Slavery and Power in Early English America: Feudalism, Oathtaking, and the Centrality of Allegiance

Saturday, January 5, 2019: 1:30 PM
Continental A (Hilton Chicago)
Holly Brewer, University of Maryland, College Park
Legal ideas about allegiance and loyalty were crucial to gaining access to the privileges of power or the status of subjects in early seventeenth century English America. At the same time, the inability to take such oaths helped to define and legitimate the earliest elements of slavery by turning infidels into legal serfs or villeins, the first stepping stone-towards slavery.
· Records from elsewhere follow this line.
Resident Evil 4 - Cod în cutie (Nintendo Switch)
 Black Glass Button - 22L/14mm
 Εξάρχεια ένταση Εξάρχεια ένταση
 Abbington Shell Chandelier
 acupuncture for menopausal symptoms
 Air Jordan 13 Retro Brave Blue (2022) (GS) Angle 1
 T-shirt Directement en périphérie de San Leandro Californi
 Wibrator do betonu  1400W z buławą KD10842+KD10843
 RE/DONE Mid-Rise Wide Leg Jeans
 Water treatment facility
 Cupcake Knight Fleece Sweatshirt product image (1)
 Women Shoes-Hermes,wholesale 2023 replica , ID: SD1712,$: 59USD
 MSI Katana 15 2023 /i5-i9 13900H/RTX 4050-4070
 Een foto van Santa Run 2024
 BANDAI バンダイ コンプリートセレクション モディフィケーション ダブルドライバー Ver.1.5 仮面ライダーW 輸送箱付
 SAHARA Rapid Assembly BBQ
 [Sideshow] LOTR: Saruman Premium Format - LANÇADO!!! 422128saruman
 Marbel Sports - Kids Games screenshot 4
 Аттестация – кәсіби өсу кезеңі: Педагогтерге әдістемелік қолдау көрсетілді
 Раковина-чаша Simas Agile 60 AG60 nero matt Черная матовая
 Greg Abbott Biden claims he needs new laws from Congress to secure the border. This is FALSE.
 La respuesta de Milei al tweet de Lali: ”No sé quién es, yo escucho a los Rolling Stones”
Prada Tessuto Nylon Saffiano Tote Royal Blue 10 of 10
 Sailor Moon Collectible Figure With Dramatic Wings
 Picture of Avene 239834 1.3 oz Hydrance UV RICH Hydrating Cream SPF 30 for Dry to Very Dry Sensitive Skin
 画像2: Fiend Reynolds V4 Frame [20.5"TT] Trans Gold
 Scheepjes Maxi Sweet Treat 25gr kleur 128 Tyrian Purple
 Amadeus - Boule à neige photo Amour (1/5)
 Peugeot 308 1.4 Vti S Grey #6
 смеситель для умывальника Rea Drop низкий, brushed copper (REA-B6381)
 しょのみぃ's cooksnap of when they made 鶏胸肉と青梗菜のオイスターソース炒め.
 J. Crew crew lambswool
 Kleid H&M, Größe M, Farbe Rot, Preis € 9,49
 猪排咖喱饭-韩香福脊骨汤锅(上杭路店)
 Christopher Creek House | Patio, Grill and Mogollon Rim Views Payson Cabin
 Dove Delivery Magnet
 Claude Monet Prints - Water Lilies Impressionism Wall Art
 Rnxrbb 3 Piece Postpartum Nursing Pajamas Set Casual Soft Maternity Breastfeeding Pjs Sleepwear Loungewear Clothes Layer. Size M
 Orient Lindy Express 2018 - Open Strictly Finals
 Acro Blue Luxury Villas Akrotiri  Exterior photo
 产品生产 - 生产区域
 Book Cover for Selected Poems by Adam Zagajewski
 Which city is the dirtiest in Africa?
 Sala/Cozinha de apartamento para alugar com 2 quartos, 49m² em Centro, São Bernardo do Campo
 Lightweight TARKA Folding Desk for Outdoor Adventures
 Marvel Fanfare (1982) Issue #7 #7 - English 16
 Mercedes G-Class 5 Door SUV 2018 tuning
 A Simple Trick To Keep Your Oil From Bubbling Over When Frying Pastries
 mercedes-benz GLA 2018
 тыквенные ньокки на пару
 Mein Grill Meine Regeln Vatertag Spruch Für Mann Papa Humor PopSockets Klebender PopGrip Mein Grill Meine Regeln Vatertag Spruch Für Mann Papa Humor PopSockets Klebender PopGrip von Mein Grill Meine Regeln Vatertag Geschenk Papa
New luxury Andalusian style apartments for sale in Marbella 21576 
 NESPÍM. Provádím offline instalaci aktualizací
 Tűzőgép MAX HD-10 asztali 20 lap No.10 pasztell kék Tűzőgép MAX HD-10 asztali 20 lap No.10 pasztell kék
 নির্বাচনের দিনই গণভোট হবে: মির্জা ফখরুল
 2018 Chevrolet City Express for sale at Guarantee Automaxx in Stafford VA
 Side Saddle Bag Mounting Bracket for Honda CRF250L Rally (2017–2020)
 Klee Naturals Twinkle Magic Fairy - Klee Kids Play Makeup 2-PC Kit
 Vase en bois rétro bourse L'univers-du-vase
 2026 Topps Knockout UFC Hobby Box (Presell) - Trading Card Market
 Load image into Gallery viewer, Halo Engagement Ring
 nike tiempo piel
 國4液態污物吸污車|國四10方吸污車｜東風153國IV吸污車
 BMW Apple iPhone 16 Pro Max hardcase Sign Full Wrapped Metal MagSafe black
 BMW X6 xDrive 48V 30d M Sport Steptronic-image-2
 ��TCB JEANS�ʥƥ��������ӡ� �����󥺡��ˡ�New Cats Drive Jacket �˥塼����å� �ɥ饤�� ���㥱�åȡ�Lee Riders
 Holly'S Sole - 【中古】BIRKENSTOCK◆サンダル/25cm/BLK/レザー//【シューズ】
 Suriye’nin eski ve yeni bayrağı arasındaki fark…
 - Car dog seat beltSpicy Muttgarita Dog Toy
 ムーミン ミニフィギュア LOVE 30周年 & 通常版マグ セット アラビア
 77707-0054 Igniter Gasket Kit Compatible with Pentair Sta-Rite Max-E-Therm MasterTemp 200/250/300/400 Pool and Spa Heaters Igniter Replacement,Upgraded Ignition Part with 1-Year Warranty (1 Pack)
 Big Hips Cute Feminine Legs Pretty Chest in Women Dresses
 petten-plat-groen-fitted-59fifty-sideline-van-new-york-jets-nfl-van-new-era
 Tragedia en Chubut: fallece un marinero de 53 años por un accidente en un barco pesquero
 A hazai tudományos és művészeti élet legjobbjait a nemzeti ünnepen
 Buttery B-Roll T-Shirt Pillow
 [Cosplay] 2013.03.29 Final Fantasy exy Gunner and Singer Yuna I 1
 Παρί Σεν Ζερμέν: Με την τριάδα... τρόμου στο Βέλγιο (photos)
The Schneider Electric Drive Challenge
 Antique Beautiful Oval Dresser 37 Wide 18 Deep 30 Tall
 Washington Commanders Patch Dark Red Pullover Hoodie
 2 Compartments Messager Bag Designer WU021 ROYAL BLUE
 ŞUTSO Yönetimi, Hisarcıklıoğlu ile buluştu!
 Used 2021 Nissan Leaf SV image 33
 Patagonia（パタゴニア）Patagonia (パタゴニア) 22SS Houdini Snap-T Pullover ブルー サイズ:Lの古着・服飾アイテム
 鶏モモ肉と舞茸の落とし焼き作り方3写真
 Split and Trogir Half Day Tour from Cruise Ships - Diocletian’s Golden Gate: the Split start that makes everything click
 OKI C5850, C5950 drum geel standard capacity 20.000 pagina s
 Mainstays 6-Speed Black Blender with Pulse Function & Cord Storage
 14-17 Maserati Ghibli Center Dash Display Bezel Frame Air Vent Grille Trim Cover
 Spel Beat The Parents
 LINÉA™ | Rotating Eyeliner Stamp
The evidence about oathtaking is in fact pervasive, spurred by colonial charters and a new historical interest in discovering ancient principles of English governance. Henry Spelman, at once historian, lawyer, and the drafter of many of the earliest English charters invented/described/discovered the idea of “feudal” in ancient records and incorporated such principles into the early charters for at least five colonies. On the ground, oath taking (or the inability to do so) became central to negotiations about power, from early governors’ decrees that conferred the status of villeins on those who could not take oaths, such as that issued by Barbados’ Governor Hawley in 1635. Negotiations over oaths were also central to a rebellion on Antigua spurred by demands by the colonial governor of obedience to the proprietor (as opposed to the king). This paper thus meditates on oaths---as contracts of obedience to master, proprietors and kings as at the center of disputes over power.